Rendering Performance – OpenCL and CUDA

LuxMark 3.1

GPGPU compute performance is a big part of any modern GPU design, especially in the workstation environment. LuxMark is a long-standing OpenCL benchmark, based on the LuxRender engine and provides a good look at how different GPU architectures compare in typical OpenCL workloads. Today we are testing our field of graphics cards in the most compute intensive scene, Hotel.

Looking at LuxMark's Hotel scene, we a more competitive result than expected. While AMD GPUs traditionally have an advantage over NVIDIA's options in OpenCL, here we see a chart that scales well based on rated GPU compute performance.

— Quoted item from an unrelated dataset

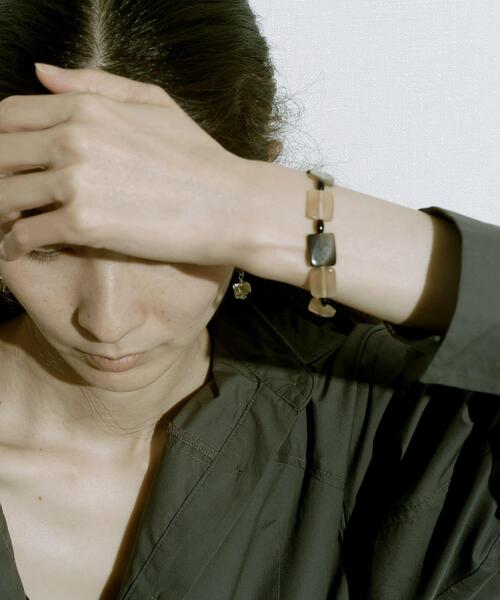 SMELLY(スメリー)の「SMELLY so’ square horn onyx bracelet(ブレスレット・レディース・シルバー系その他・-)」の3枚目の写真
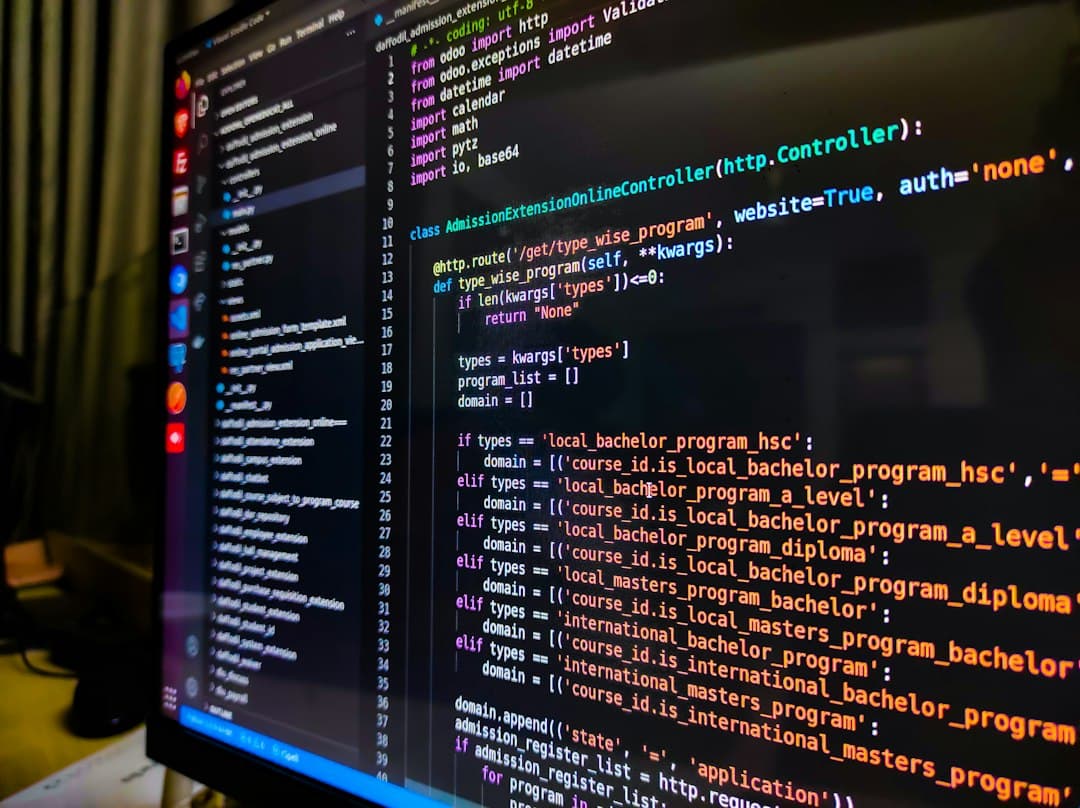 Écran d'ordinateur affichant des lignes de code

The around 8.5 TFLOPS of a single AMD Fiji XT GPU is neck and neck with the 8.9 TLOPS-rated P5000.

OpenCL scales well to multiple compute devices, meaning a very impressive score for the Radeon Pro Duo when both GPUs are being utilized. 

Blender 2.78b

Blender is a popular open-source project for 3D modeling and animation. Blender supports both OpenCL and CUDA pipelines, which allows for an interesting comparison across GPU vendors.

It's important to note that we tested Blender with the default settings. This means that the tile size is not necessarily optimized for the specific GPUs we were testing. Additional performance should be possible by experimenting with tile size for each specific GPU.

Looking at the results, it appears that the CUDA pipeline provides benefits over the OpenCL code path. Using OpenCL, the Radeon Pro Duo only provides a modest improvement with it's peak 16.38 TFLOPS of compute performance in dual GPU compared to a single Quadro P5000.

3DS Max (NVIDIA Iray+)

3DS Max is a professional-level 3D modeling, animation, and rendering application. Due to its popularity, there are many rendering engines available for use in 3ds Max. In this test, we are looking at the NVIDIA developed Iray+ engine. This rendering application uses CUDA, and cannot be run on the AMD Radeon Pro Duo (it can run exclusively on the CPU on computers with AMD GPUs).

We wanted to test Iray to get an idea of the relative performance between the Quadro options are looking it in a real-world application. As you can see, even the sub-$400 Quadro P2000 provides a huge performance improvement over ray tracing on the Intel i7-5960X 8-Core CPU. 

While the Quadro P4000 renders the scene 59% faster than the P2000, the performance increase going to the P5000 is just 15%. While these results will vary depending on workload, it shows the possible dimishing returns as you increase GPU power.